Em certos trechos, a Volta à Flandres é uma tentativa inusitada de colocar o Rossio na rua da Betesga. O estreitamento dos setores macadamizados serve de funil para filtrar os resistentes. Os paralelepípedos de arestas vetustas causam turbulência nas pedaladas. Na frente do segundo monumento da temporada chegou um ser que anda sempre em cima das nuvens vestido de branco como um anjo.
Os primeiros quilómetros de 269 decorreram com a tranquilidade de um circuito de cicloturismo. Depois, começou uma outra corrida, convulsiva, agitada e imprevisível. No Oude Kwaremont, o primeiro segmento com pedras a pintalgar um oblongo corredor, houve no pelotão quem tivesse que parar, pôr o pé no chão, tirar senha, esperar que fosse chamado o seu número e voltar a subir para a bicicleta.

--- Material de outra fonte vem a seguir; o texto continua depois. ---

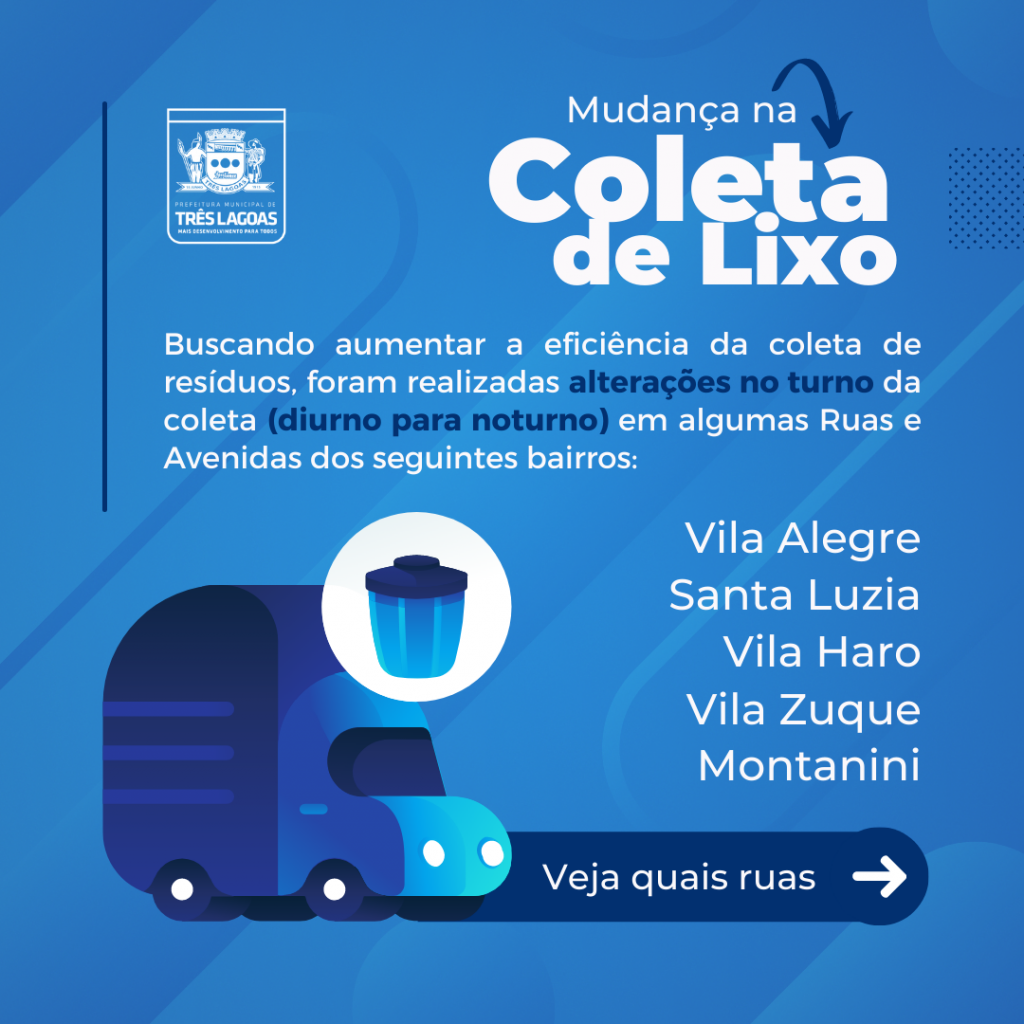 AVISO – Prefeitura comunica mudança de horário da coleta de lixo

Com esta demonstração de biatlo, começava a ser distribuído um surto de nervos. De maneira contraditória, foi numa estrada de asfalto, larga, que se sucedeu um acidente que afetou algumas previsões. Elementos da Alpecin-Deceuninck, incluindo Mathieu van der Poel, e da UAE Emirates envolveram-se numa queda. Tentou aproveitar-se a Red Bull-BORA-hansgrohe sem grande efeito.

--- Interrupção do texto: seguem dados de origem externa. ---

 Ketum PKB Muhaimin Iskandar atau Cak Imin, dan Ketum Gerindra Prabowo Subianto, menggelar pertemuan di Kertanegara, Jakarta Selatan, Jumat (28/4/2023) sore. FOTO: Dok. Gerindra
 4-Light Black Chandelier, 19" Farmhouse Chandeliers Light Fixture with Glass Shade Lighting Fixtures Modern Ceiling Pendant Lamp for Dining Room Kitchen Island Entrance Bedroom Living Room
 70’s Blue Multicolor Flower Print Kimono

A seleção tardava a ser feita. A UAE Emirates estava debilitada e ao quilómetro 80 já era António Morgado, quinto em 2024, 90.º em 2025, que dava cabeçadas no vento. Na fuga seguia Filippo Ganna, afetado pelo vírus Tadej Pogačar, patologia que leva o seu portador a acreditar que pode ganhar em todo e qualquer terreno.
O Oude Kwaremont voltaria a estar em foco. Tadej Pogačar, na segunda passagem pelo local, transportando na sacola Mathieu van der Poel, Wout van Aert, Matteo Jorgenson e Mads Pedersen. Assim que este grupo de perseguidores se juntou à frente da corrida, a UAE Emirates deu conta, mais uma vez, dos efeitos do seu desnorte tático. A Visma tinha três ciclistas, tal como a Lidl-Trek, no grupo restrito que entrava nos últimos 40 quilómetros em melhores condições para decidir a corrida.
Tadej Pogačar, tantas vezes habituado a colaborar consigo mesmo, desfez a lógica coletiva e passou a liderar a corrida aos repelões. Mathieu van der Poel parecia ser quem estava em melhores condições de resistir. O mano a mano das clássicas entre dois corredores com sete monumentos conquistados estava a ser lançado, mas ciclistas como Pedersen, Van Aert e Stuyven ressuscitaram.
O esloveno que esta semana disse que “as redes sociais são o cancro da sociedade”, ligou o modo de voo, colocou-se offline e não deixou ninguém conectado. O campeão do mundo conquistou a Volta à Flandres pela segunda vez na carreira. Mads Pedersen (2.º) e Mathieu van der Poel (3.º) sprintaram por um lugar no pódio.